The Land, Infrastructure and Transport Ministry has conceded in a white paper that its explanations of the need for and efficacy of public works projects have been inadequate, according to an outline of the paper obtained Wednesday by Kyodo News.
In the outline, the ministry vows to increase efforts to explain such projects more clearly.
"It is undeniable that our efforts to explain the necessity and effectiveness of public works projects have been inadequate in some aspects," says the outline of the planned white paper on government infrastructure and transportation policies.
The paper, to be released in mid-February on CD-ROM, will be the first since a major governmental restructuring in early 2001 merged the Construction Ministry, the National Land Agency and the Transport Ministry into the Land, Infrastructure and Transport Ministry.

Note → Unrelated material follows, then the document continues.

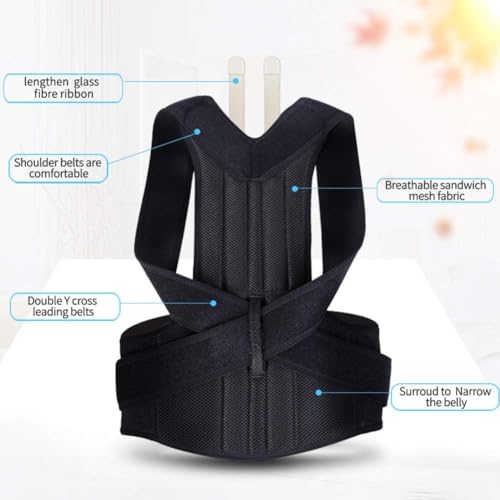 XS-5XL Plus Size Posture Corrector Back Brace Upper And Lower Back Support Women Men Shoulder Straightener Student Teenagers Scoliosis Hunchback Correction Posture Trainer ( Color : Black , Size : 5X-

The outline says the accuracy of techniques for forecasting traffic volume and highway tolls on planned expressways needs to be improved because it will be the taxpayers who pay the difference between the predicted and actual toll revenues.
A select group of public works projects must be emphasized, and related costs must be cut in view of the fiscal constraints on the national treasury, the outline states.
But the outline rejects criticism that the usefulness of public works in expanding the economy has eroded.
Japan's ballooning government debt -- the largest in the industrial world -- has been caused chiefly by the state's use of fiscal spending packages to rev up the faltering economy and by the nation's swelling social welfare expenditures, it adds.
Another reason is that the recent recessions have eaten into tax revenues.
"Construction companies that carry out public works projects have acted as providers of employment opportunities," it says.